Your output must consist of the records printed verbatim, with the pictures excluded.
── THE RECORDS ──
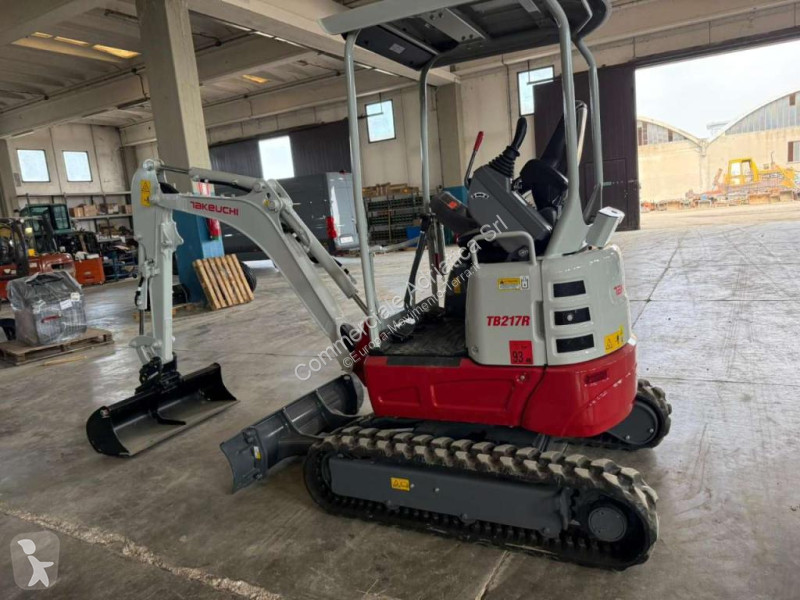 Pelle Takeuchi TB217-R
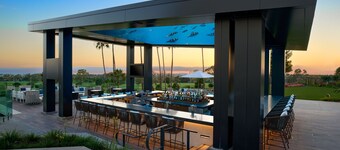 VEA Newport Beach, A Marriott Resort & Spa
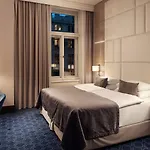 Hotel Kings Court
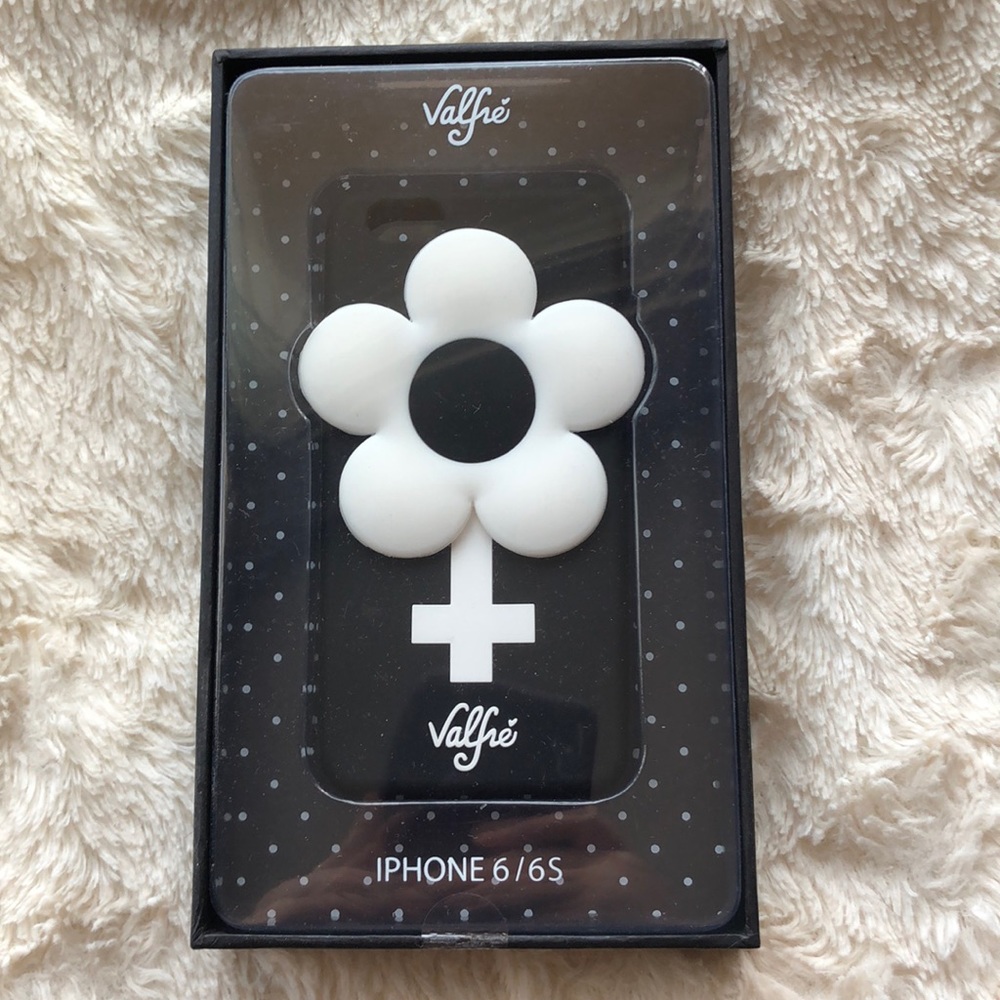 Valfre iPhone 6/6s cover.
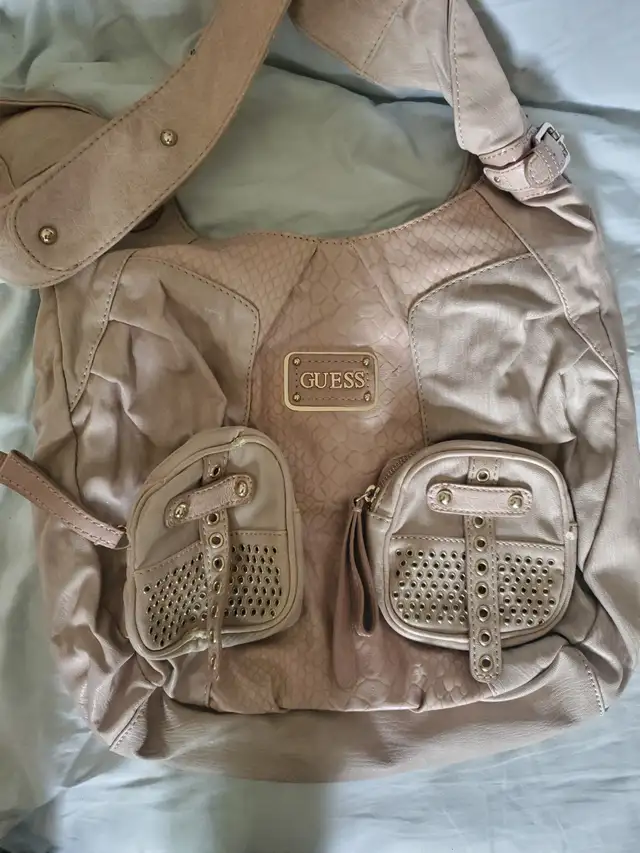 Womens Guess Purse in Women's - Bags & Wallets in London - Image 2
───
◆ ANSWER TO THIS PROBLEM
 Pelle Takeuchi TB217-R
 VEA Newport Beach, A Marriott Resort & Spa
 Hotel Kings Court
 Valfre iPhone 6/6s cover.
 Womens Guess Purse in Women's - Bags & Wallets in London - Image 2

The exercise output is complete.